EXERCISE OBJECTIVE: Required from the data below: the exact lines starting at the line containing "Crystal Vase 4.5-inch" and ending at the line containing "Invitation enfants vintages", with both ends kept and all pictures dropped.

DATA IN THIS EXERCISE:
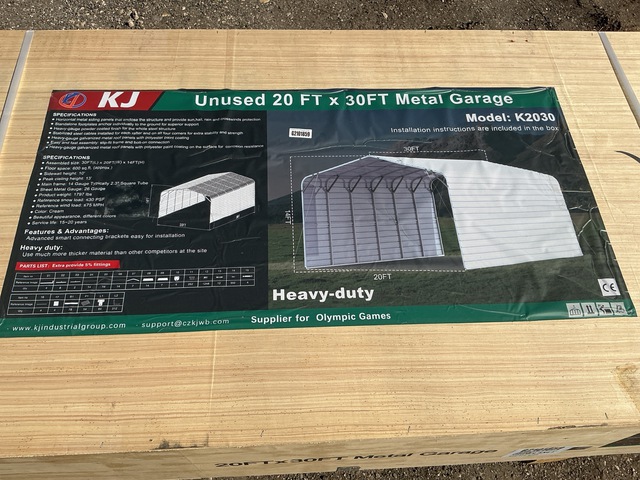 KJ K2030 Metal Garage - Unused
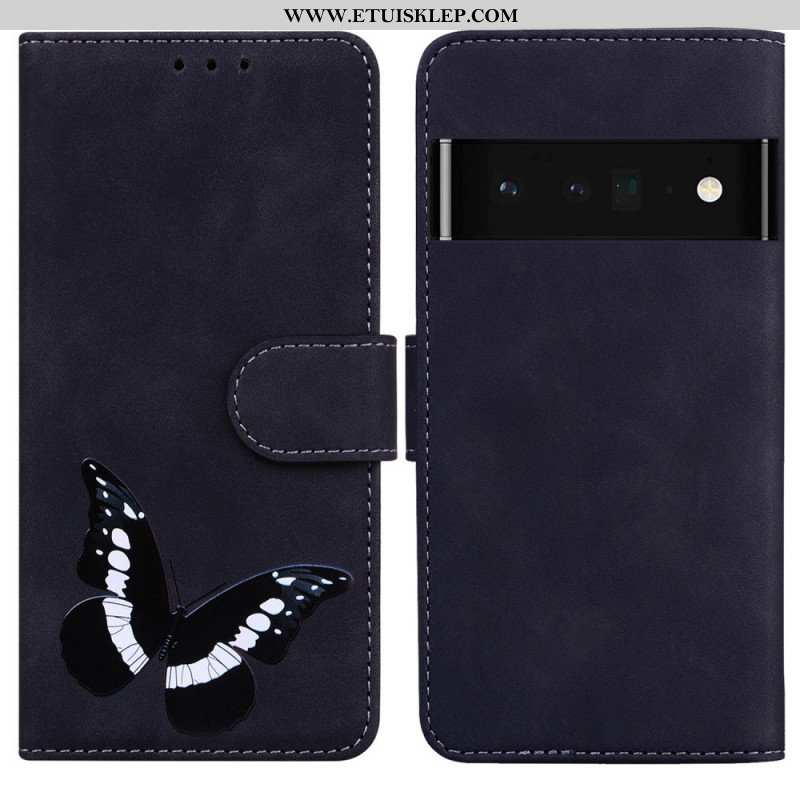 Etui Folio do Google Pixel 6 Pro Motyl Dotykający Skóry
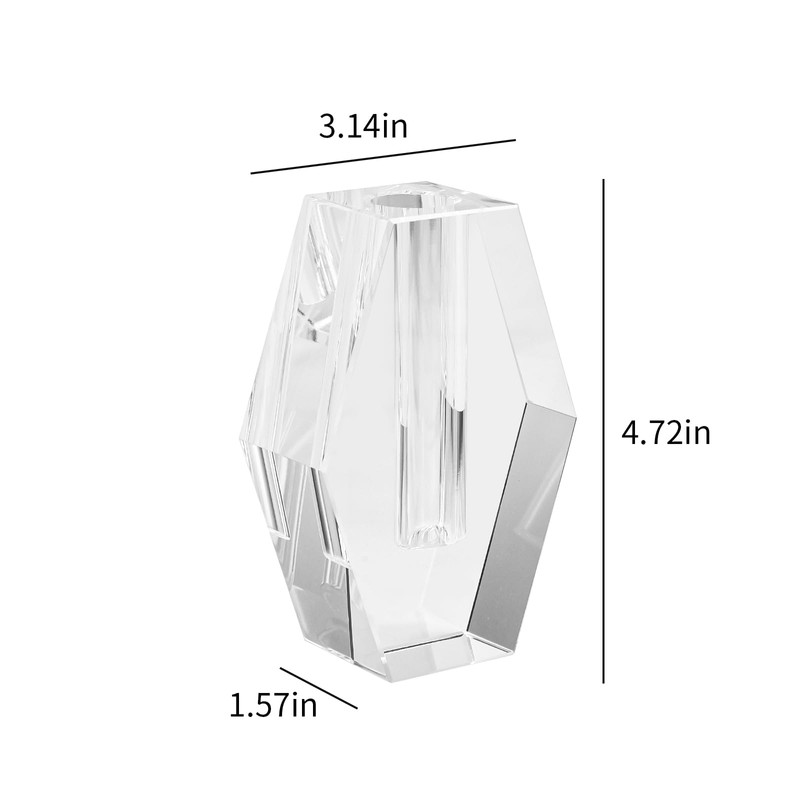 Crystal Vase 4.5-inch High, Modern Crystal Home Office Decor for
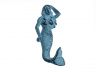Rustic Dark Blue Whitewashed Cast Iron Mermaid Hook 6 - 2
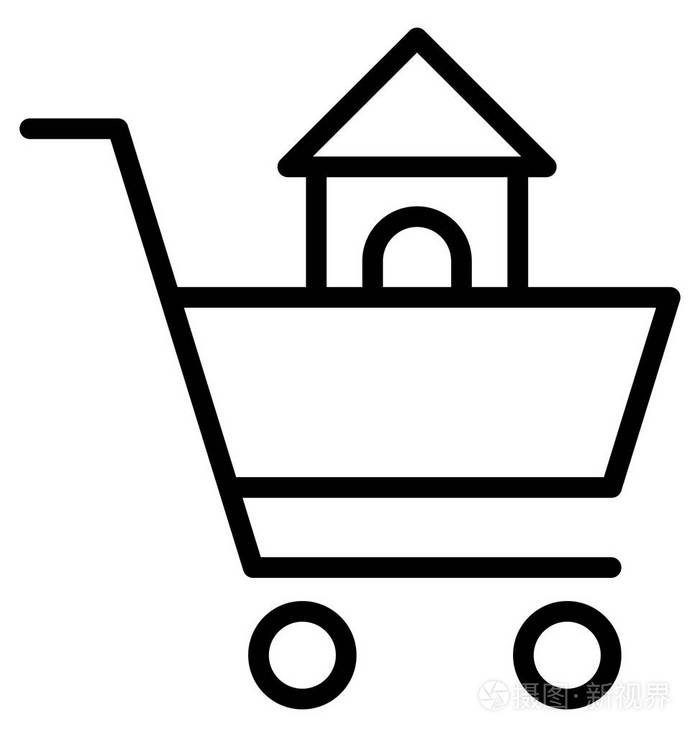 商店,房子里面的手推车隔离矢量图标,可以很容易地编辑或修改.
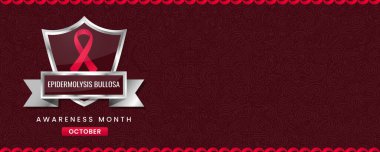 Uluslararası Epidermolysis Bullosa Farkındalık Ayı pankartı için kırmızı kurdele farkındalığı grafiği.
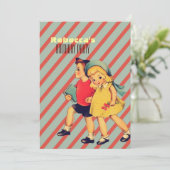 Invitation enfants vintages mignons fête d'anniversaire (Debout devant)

--

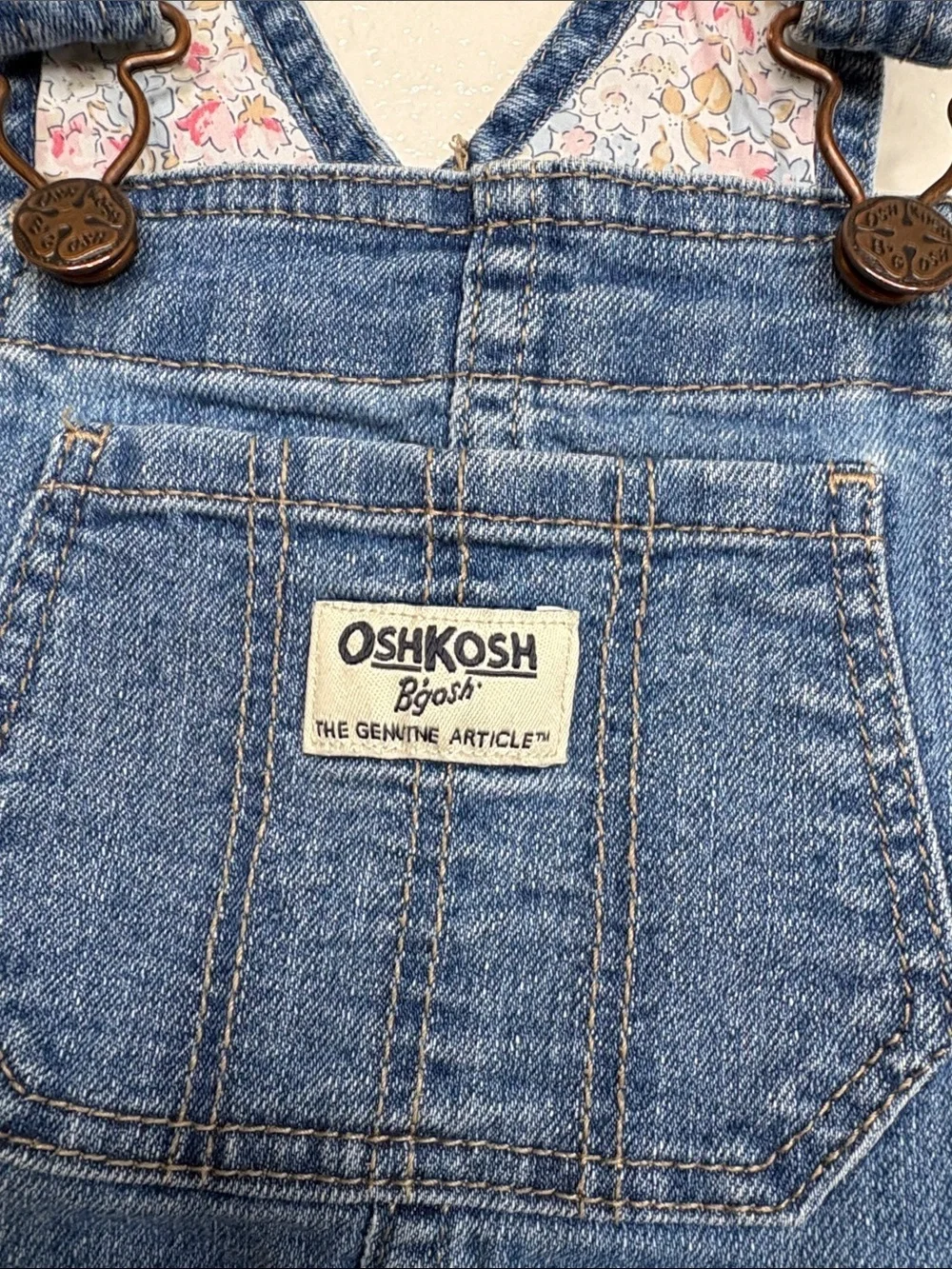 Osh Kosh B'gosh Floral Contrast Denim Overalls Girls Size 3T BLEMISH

RESULT:
 Crystal Vase 4.5-inch High, Modern Crystal Home Office Decor for
Rustic Dark Blue Whitewashed Cast Iron Mermaid Hook 6 - 2
 商店,房子里面的手推车隔离矢量图标,可以很容易地编辑或修改.
 Uluslararası Epidermolysis Bullosa Farkındalık Ayı pankartı için kırmızı kurdele farkındalığı grafiği.
 Invitation enfants vintages mignons fête d'anniversaire (Debout devant)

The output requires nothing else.